PruningCallback doesn't work
himkt opened this issue · 6 comments
Thank you so much for diving into allennlp-optuna.
Which storage do you use? (should be one of sqlite3, MySQL, PostgreSQL, Redis)
And could you please share with me a simple reproducible configuration?

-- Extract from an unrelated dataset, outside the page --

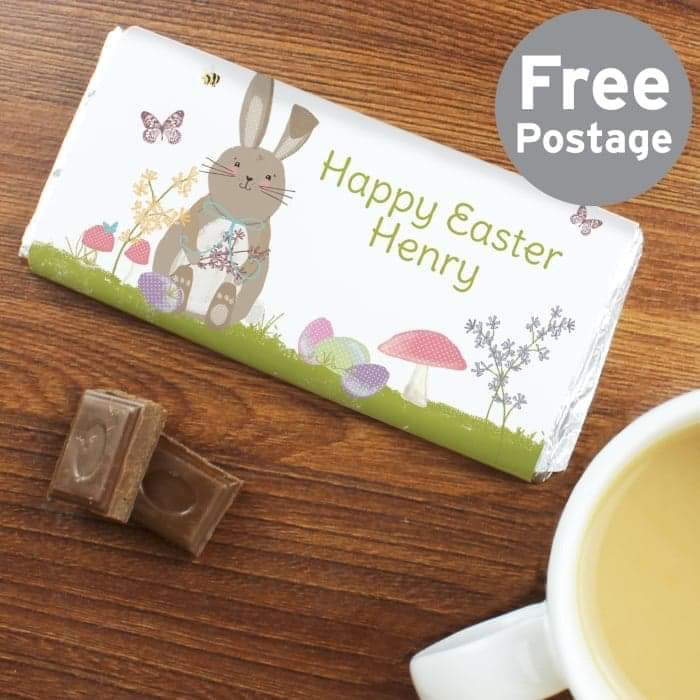 Personalised Easter Meadow Bunny Milk Chocolate Bar - Myhappymoments.co.uk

Thanks for creating the issue @himkt I use the default sqlite3 storage
local model_name = "models/distilroberta-base-msmarco-v1/0_Transformer";
local num_gpus = 8;
local data_base_url = "data/mydata/processed/";
local batch_size = std.parseInt(std.extVar('batch_size'));
local lr = std.parseJson(std.extVar('lr'));
local model = "my_model";
local dataset_reader = "my_reader";
{
"train_data_path": data_base_url + "train.tsv.part*",
"validation_data_path": data_base_url + "valid.tsv.part*",
"dataset_reader": {
"type": "sharded",
"base_reader": {
"type": dataset_reader,
"query_tokenizer": {
"type": "pretrained_transformer",
"model_name": model_name,
"max_length": 500,
},
"query_token_indexers": {
"tokens": {
"type": "pretrained_transformer",
"model_name": model_name,
"namespace": "tokens"
}
},
}
},
'model': {
'type': model,
'transformer_model': model_name,
},
"data_loader": {
"batch_size": batch_size,
"shuffle": true
},
"distributed": {
"cuda_devices": if num_gpus > 1 then std.range(0, num_gpus - 1) else 0,
},
"trainer": {
"num_epochs": 10,
"optimizer": {
"type": "huggingface_adamw",
"lr": lr,
"betas": [0.9, 0.999],
"eps": 1e-8,
"correct_bias": true
},
"learning_rate_scheduler": {
"type": "polynomial_decay",
},
"use_amp": true,
"grad_norm": 1.0,
"validation_metric": "+rec1",
"epoch_callbacks": [
{
"type": "optuna_pruner"
}
]
}
}
This was the config I was using. You would have to change the models and dataset readers, I can try to reproduce with a simpler example with predefined models etc, but it would take me a while since I won't be using the multi GPU cluster for some time.
@vikigenius Thank you for your help.
Let me ask a question: does this configuration work well if it runs on a single GPU? (means that it disables distributed
).
The current implementation of AllenNLP integration for a pruning feature may not work with a distributed setting.
If your configuration works on a single GPU, I'll investigate AllenNLP integration in Optuna. But, it may take time because the mechanism for supporting PruningCallback
in the integration is relatively complicated (I implemented...) and I don't have a cluster with multi GPUs now.
Sorry for the inconvenience. 🙇
Related to optuna/optuna#1990.
FYI @vikigenius
I'm working on the entirely refactoring AllenNLP integration in Optuna (optuna/optuna#2796).
After this PR being merged, PruningCallback would work with distributed training.
In the Optuna v3.0.0a0, we finally introduced the support for the pruning callback in distributed training.
https://github.com/optuna/optuna/releases/tag/v3.0.0-a0
pip install -U optuna==3.0.0a0